Opinión
Normal
No sé a qué oscuro y burócrata cráneo privilegiado se le ha ocurrido eso de la «nueva normalidad». Tal expresión es un engrudo contradictorio en los términos. Porque, o es nueva, o es normalidad. Las dos cosas no pueden ir juntas. Lo nuevo es algo que acaba de aparecer, de formarse o fabricarse. La normalidad es lo corriente, ajustado a la norma, lo que ya sucede o ha sucedido por costumbre (algo que parece poco compatible con lo que acaba de aparecer). Lo correcto sería «el fin de la normalidad». Pero los poderosos usan el lenguaje como vaselina para hacernos tragar ruedas de molino que, claro, siempre se atragantan. Porque son malos tragos. Lo que deberían habernos impuesto, si el cráneo privilegiado al que se le ocurrió la idea tuviera una pizca de decencia en sus intenciones, es algo muy distinto: «las nuevas normas». Porque eso es a lo que deberemos enfrentarnos a partir de ahora: a normas nuevas.

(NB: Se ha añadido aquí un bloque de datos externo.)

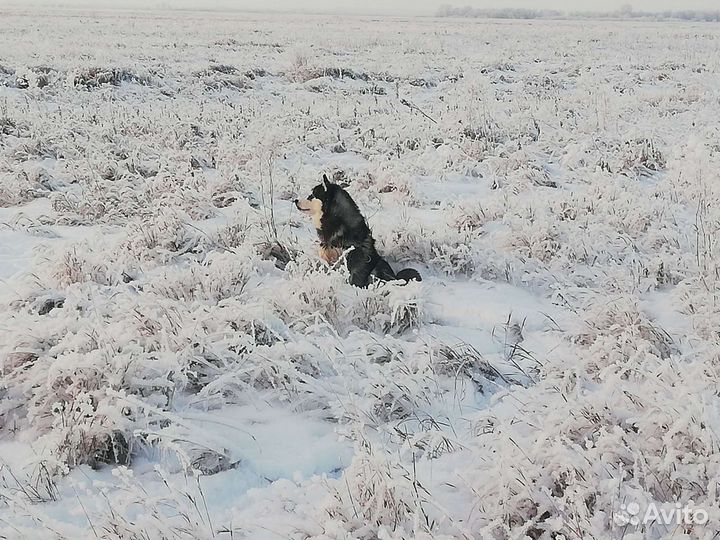 Вязка сибирский хаски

Más normas. No a una nueva normalidad u otras gaitas filológica o filosóficamente imposibles. A más normas, de obligatorio cumplimiento. Normas que –nos dirán las autoridades… ¿competentes?– están grabadas a fuego mediante dolorosas multas en las tablas de las incontables leyes posmodernas «pensando en vuestro bien». Y lo curioso de esto será que la descomunal y crecida mayoría ciudadana, dará por buena la explicación. Se la zampará con la facilidad y el gusto con que ingiere un café mañanero. Con la palabra «normalidad» ocultan el concepto «norma», un garrotazo que disimulan al usar «normalidad». El cráneo privilegiado que se inventó la expresión sabe que «normalidad» gusta mucho. Es entrañable, remite a la costumbre, a una tranquilidad (que hemos perdido sin remedio durante tres meses, y los que vengan…). El lenguaje amable es una cortina, no de humo, sino de acero. Un telón de acero para esconder lo terrible, los cambios no deseados, la inseguridad, la opresión, el miedo. Muchas dudas existenciales surgen al oír a tanta gente –que presume y se presume preclara–, repetir lo de la «nueva normalidad» sin sonrojarse o dudar, comprando la mercancía averiada de una propaganda que jamás conseguirá tapar la pobreza –lo único que hemos «ganado»–, las ignominias, el dolor y las pérdidas sufridas. Y las que nos quedan. Que ni serán nuevas ni normales.